SUPPLIED MATERIAL.
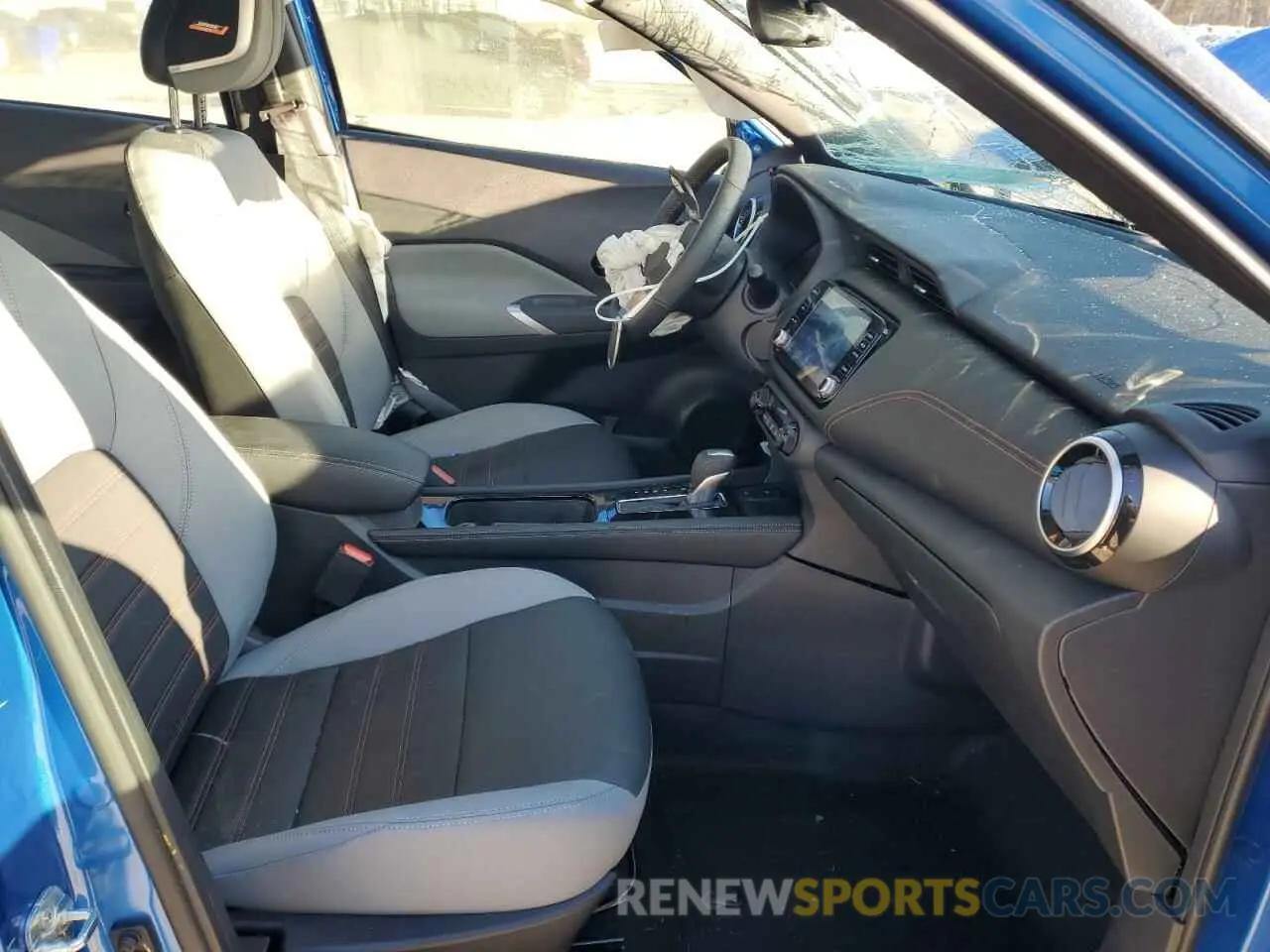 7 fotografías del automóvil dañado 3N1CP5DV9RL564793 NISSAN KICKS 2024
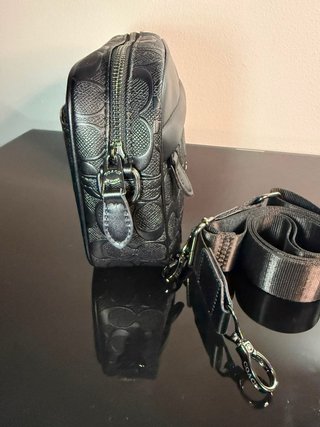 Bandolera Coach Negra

* * *

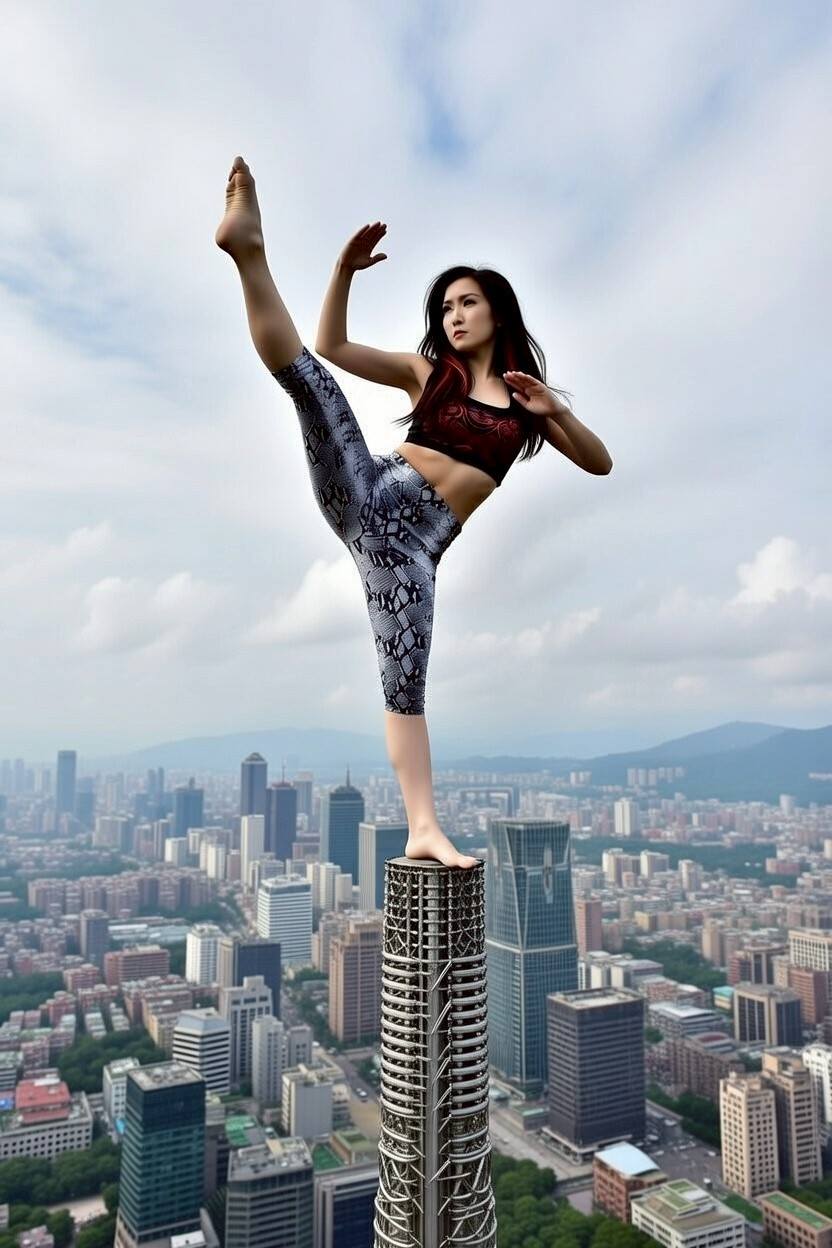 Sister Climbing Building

...

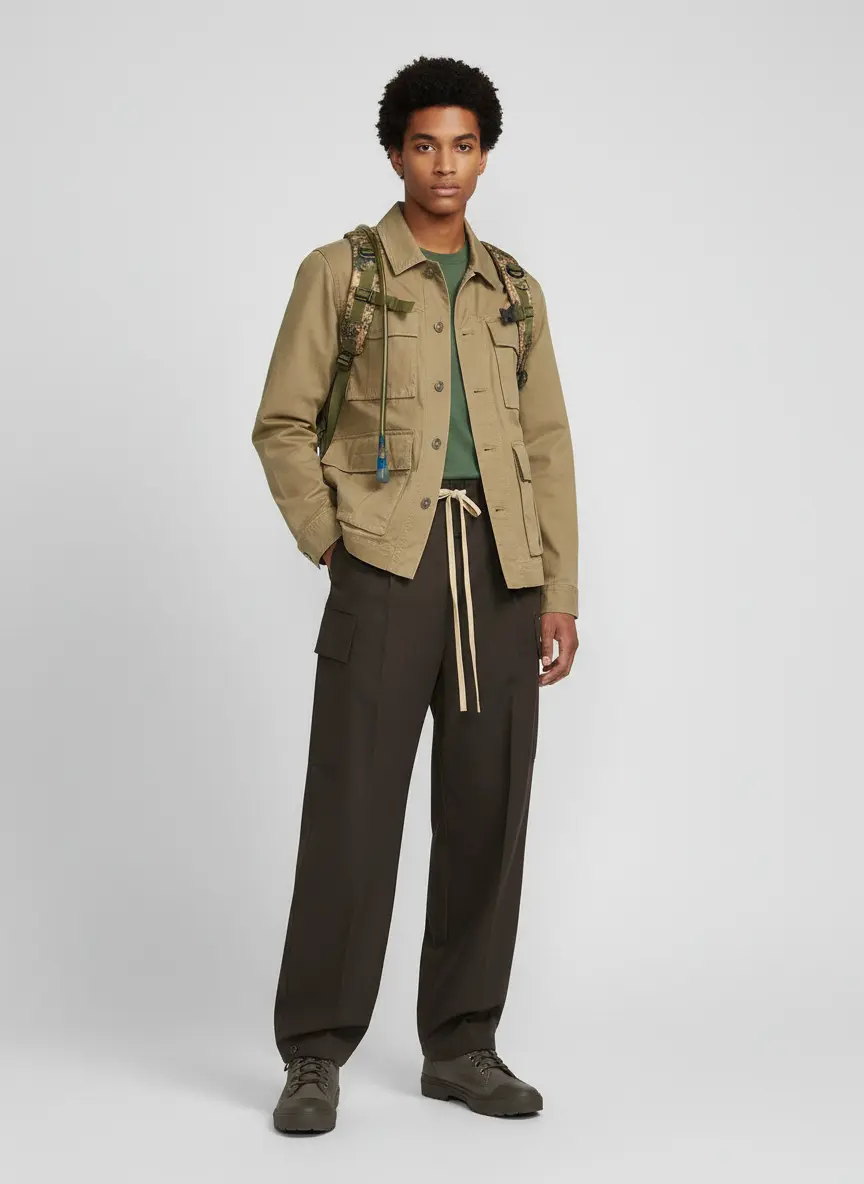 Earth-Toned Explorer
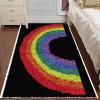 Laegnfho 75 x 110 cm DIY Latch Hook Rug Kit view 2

BRIEF. Above are the records; return the lines in them from the one with "Earth-Toned Explorer" to the one with "Laegnfho 75 x", inclusive, exactly and without images.

RESULT OF THIS TASK.
 Earth-Toned Explorer
 Laegnfho 75 x 110 cm DIY Latch Hook Rug Kit view 2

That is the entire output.